Seçim ittifakı kapsamında ise, ittifak ilişkileri ve yürütülmesi başından itibaren sorunlu bir seyir izlemiştir. Cephe çalışması seçim çalışmasına, seçim çalışması da adaylar tartışmasına dönüşmüştür. Muhataplık ilişkileri doğru bir zeminde kurulamamış, blok ve iradesi şekilsel hale gelmiştir. “Seçilebilir yerler” dışında kalan yerlerde blokun adayları ve hazırlığı son aşamaya kadar gündeme bile gelmemiş, blokun böyle bir gündemi olmamıştır. “Seçilebilir yerler” tartışması ise, esas olarak ikili görüşmeler zemininde sürdürülmüş, blok seyirci konumuna düşürülmüştür.Blok içerisinde bugüne kadar yer almayan partiler bir anda bloka dahil olmuş, adaylar da bu çerçevede şekillenmiştir. Blok toplantılarında adı gündeme bile gelmemiş, adaylıklarına dair bilginin dahi verilmediği adaylar, “blok adayı” olarak kararlaştırılmıştır.
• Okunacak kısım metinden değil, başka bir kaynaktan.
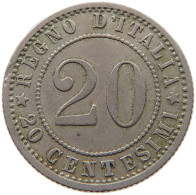 ITALY 20 CENTESIMI 1895 R UMBERTO I. 1878-1900 #c032 0755 - 1878-1900 : Umberto I.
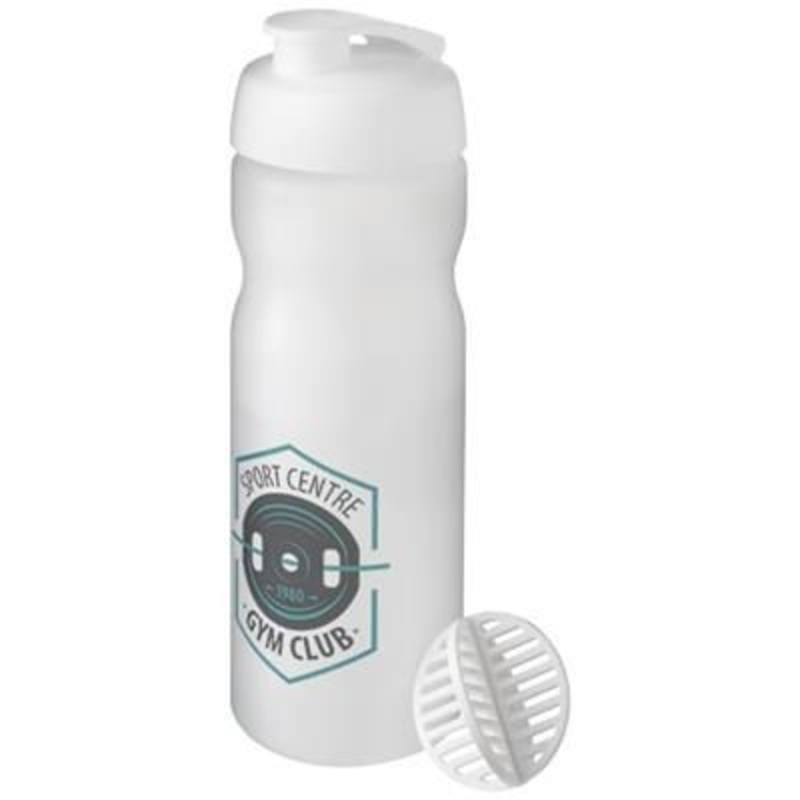 BASELINE PLUS 650 ML SHAKER BOTTLE in White & Frosted Clear Transparent – Promise Promo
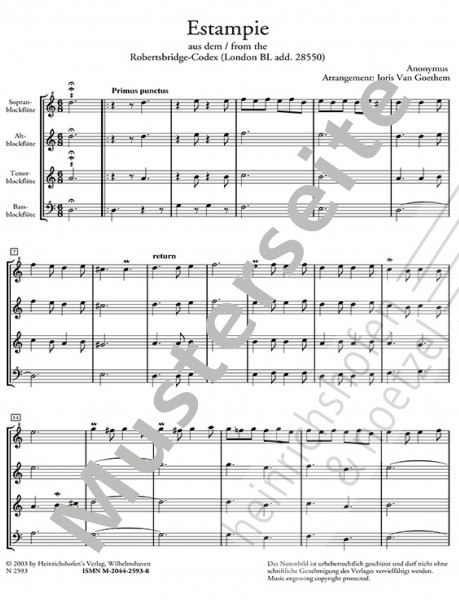 Estampie aus dem Robertsbridge-Codex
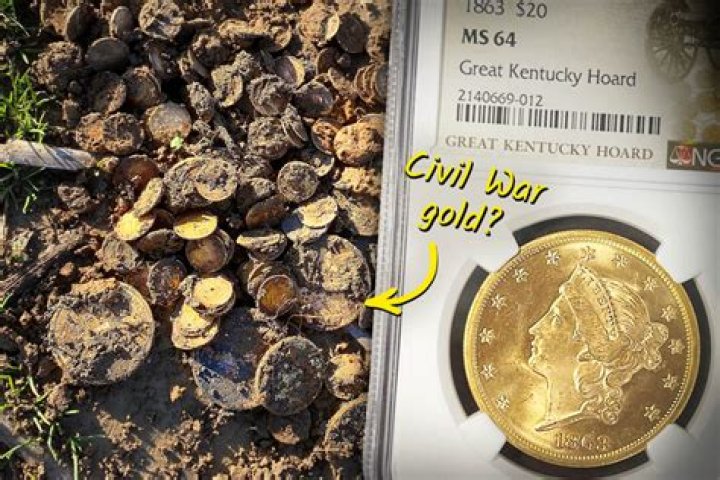 Where are the gold coins in buried?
(2) DİP deklarasyonu ittifaktan ayrılma hakkında

Adana’da yapılan aday tercihi ise, seçim blokunun Türkiye emekçileri ile Kürt halkı arasında bir ittifak gibi algılanmadığının en çıplak kanıtı olmuştur. 2009 seçimlerinde Adana Büyükşehir Belediye Başkanlığı’na BDP ve sosyalistlerin ortak adayı olarak katılan ve yarıştığı bölgede oyları 2007’de alınan 47 binden 80 bine çıkaran yoldaşımız Şiar Rişvanoğlu, Adana’nın Kürt, Arap, Türk çeşitli solunu temsil eden birçok insanın ve bir dizi yoksul Kürt mahallesinin açık desteğine ve toplanan yaklaşık 10 bin imzaya, Kürt kurumlarında ve Kürtlerin etkin olduğu kurumlardaki yönetici konumundaki insanların (Cezaevi Çıkışlılar Türkiye Komitesi, Adana KCK Mahkûmları Cezaevi Komitesi, İHD Adana Şubesi'nin YK üyelerinin çoğunluğu gibi), gelen açık desteğe rağmen aday yapılmamıştır.